Sistem Penanggalan Era Majapahit, Bersanding Penanggalan Pranata Mangsa

SISTEM penanggalan Saka rupanya bukan satu-satunya kalender yang digunakan di era Majapahit. Masyarakat kala itu juga mengenal dan menerapkan penanggalan Jawa maupun Pranata Mangsa dalam kehidupan sehari-hari. Meski begitu, kalender Saka yang diadaptasi dari India ini menjadi kalender resmi atau acuan utama kerajaan.

”Sepertinya saat itu ada beberapa macam penanggalan yang dipakai. Tidak banyak, mungkin ada dua atau tiga,” sebut Kasub Unit Koleksi Pusat Informasi Majapahit (PIM) Balai Pelestarian Kebudayaan (BPK) Wilayah XI Jatim Tommy Raditya D.

Masyarakat Nusantara yang mengenal sistem penanggalan selain Saka tersebut adalah masyarakat Jawa. Sebab, terdapat penanggalan Jawa dan Pranata Mangsa yang diyakini sudah ada sejak sebelum Majapahit berdiri. ”Tapi untuk penanggalan prasasti dan kakawin biasanya menggunakan tahun Saka,” ujarnya.

Dalam kalender Jawa, secara umum terdapat 12 bulan yang dalam sebulan terdapat 30 atau 31 hari.
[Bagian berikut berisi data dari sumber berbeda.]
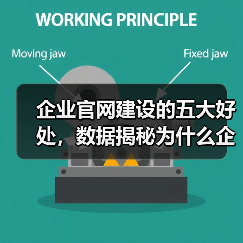 企业官网建设的五大好处，数据揭秘为什么企业必须拥有官网？（图3）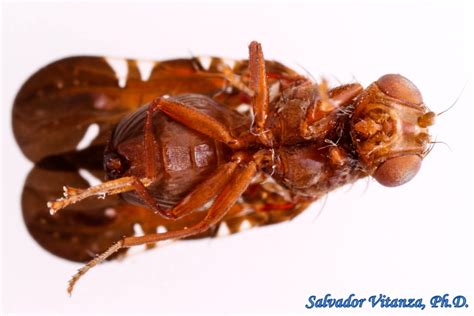 Diptera Tephritidae Aciurina Mexicana Fruit Flies Male D Urban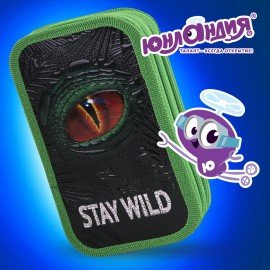 Пенал ЮНЛАНДИЯ, 2 отделение, ламинированный картон, 19х11 см, "Stay wild", 270889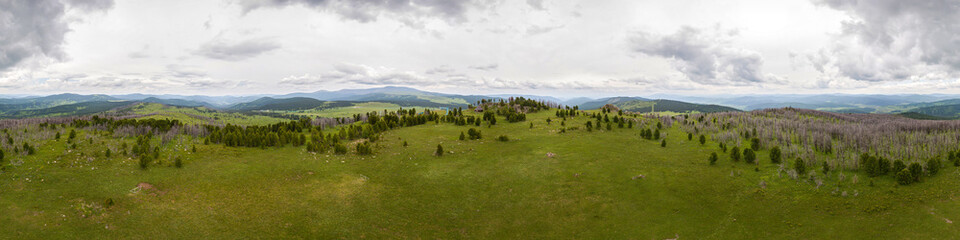 A landscape view of beautiful fresh green forest and  Altai mountain background.  Panoramic view of beautiful green forest in the Altai mountains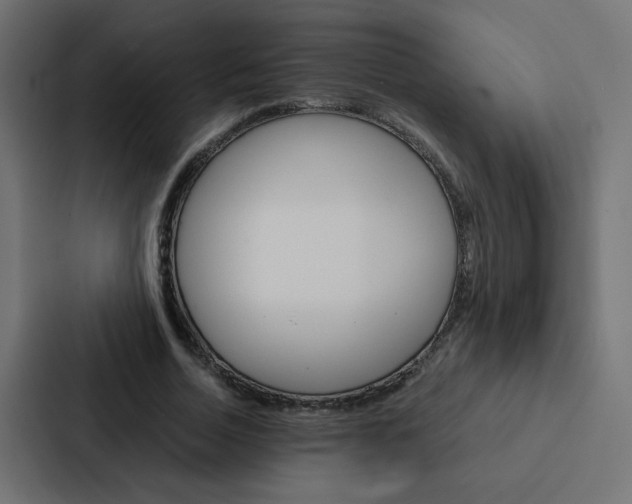 X0000088230730200705151048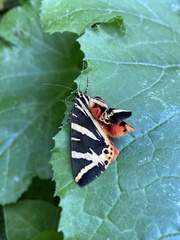 Euplagia quadripunctaria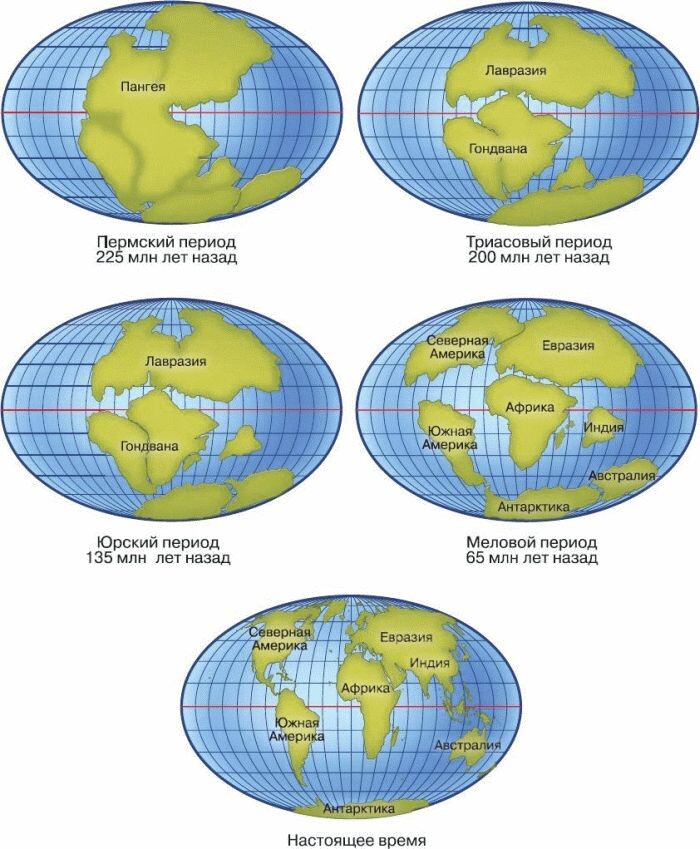 (1) Планета Земля: история материков и океанов. Источник рисунка – Николай Сонин. Общая биология. 11 класс. Углубленный уровень. М.: Дрофа, 2013
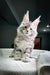 Gray and white Maine Coon kitten with cute ear tufts in Highland product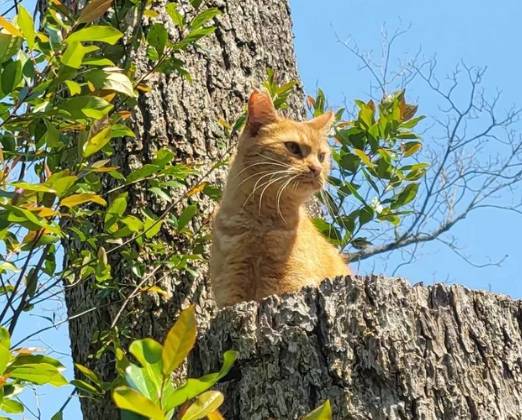 potret kucing oren di atas pohon (reddit.com/deleted)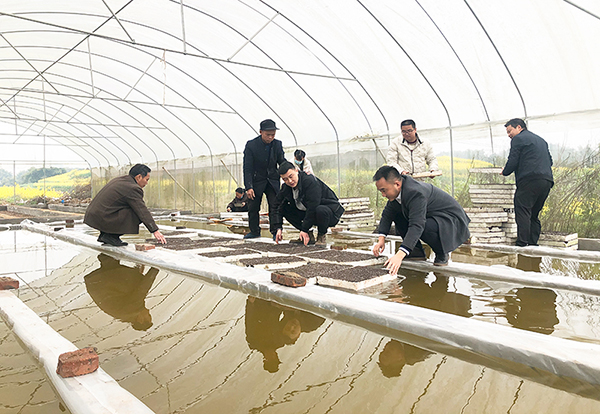 自贡富顺:做好两项改革“后半篇”文章 守牢粮食安全底线_fororder_漂浮育苗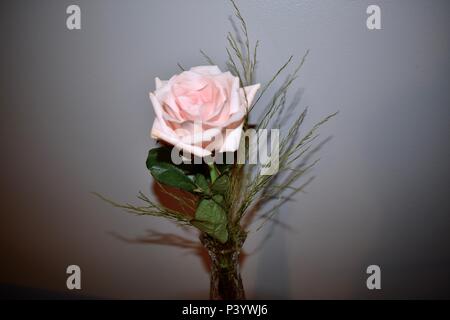 A pink rose in a glass vase Stock Photo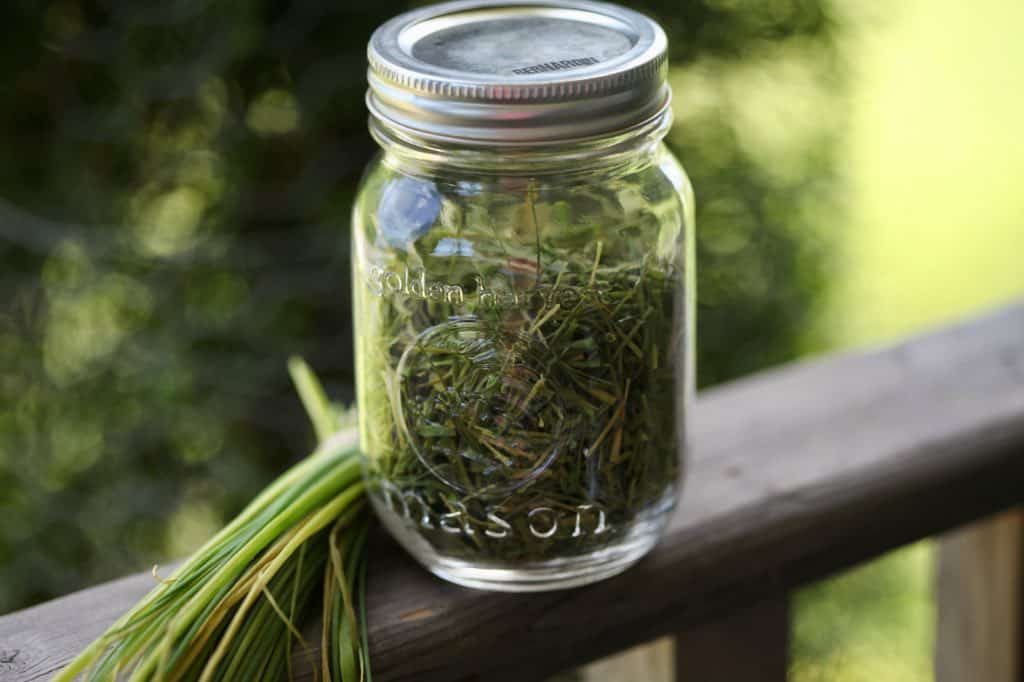 dried chives stored in an airtight mason jar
Yang saat ini dikenal dengan bulan Suro, Safar, Mulud, Bada Mulud, Jumadil Awal, Jumadil Akhir, Rajab, Ruwah, Poso, Syawal, Dzulqoidah, dan Besar. Nama-nama bulan tersebut memiliki sebutan yang berbeda di setiap daerah. Apalagi, dalam perjalanannya, kalender Jawa sempat mengalami perubahan. Tepatnya pada tahun 1633 Masehi atau 1555 Saka, saat Sultan Agung dari Kesultanan Mataram berusaha keras menanamkan agama Islam di Jawa.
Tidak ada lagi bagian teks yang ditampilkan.